● **Problem statement**
The lines to return are the one containing "A single 5-minute" and all that follow it in the entries below, duplicated exactly and nothing else.

● **Data extracts**
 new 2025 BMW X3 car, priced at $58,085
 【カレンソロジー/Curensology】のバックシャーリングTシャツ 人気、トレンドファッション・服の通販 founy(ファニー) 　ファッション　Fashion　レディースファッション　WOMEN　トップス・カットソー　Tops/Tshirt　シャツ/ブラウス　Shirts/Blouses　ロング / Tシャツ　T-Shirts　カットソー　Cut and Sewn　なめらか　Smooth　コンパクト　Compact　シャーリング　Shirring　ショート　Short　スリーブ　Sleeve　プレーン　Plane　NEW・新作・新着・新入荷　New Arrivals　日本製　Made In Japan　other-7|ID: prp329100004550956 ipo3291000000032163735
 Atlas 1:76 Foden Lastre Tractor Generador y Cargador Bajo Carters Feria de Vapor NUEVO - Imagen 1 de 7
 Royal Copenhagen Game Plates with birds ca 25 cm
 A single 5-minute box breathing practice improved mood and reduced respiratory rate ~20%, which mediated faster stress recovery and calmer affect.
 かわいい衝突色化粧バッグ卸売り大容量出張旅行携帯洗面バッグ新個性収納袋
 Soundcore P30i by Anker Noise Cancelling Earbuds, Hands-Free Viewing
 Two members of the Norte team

● **Answer box**
 A single 5-minute box breathing practice improved mood and reduced respiratory rate ~20%, which mediated faster stress recovery and calmer affect.
 かわいい衝突色化粧バッグ卸売り大容量出張旅行携帯洗面バッグ新個性収納袋
 Soundcore P30i by Anker Noise Cancelling Earbuds, Hands-Free Viewing
 Two members of the Norte team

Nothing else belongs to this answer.